**Brief:**
Every line below should be copied exactly; drop the pictures.

**Source material:**
┌──

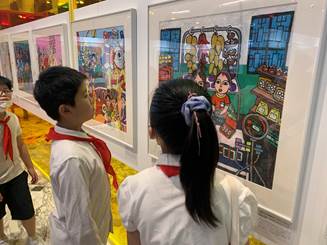 图片12 学生观展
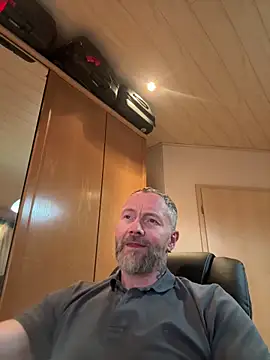 Snapshot of Rockburg chatting on 04/09/26, 02:11 Rockburg online show from 04/09/26, 02:11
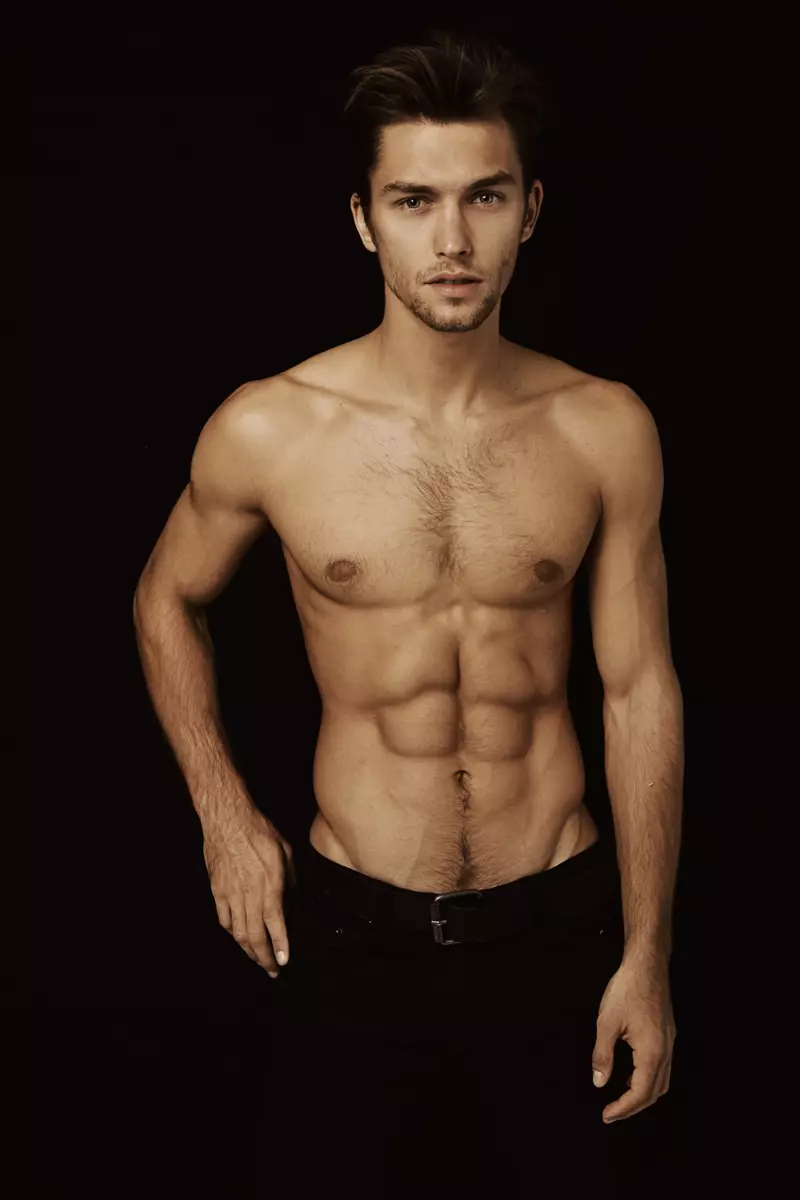 Hemen dator Lucas Garcez Wilhelmina modeloa, kamisetarik gabe, Deon Jackson-en objektiborako, wow!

└──

**Your response:**
 图片12 学生观展
 Snapshot of Rockburg chatting on 04/09/26, 02:11 Rockburg online show from 04/09/26, 02:11
 Hemen dator Lucas Garcez Wilhelmina modeloa, kamisetarik gabe, Deon Jackson-en objektiborako, wow!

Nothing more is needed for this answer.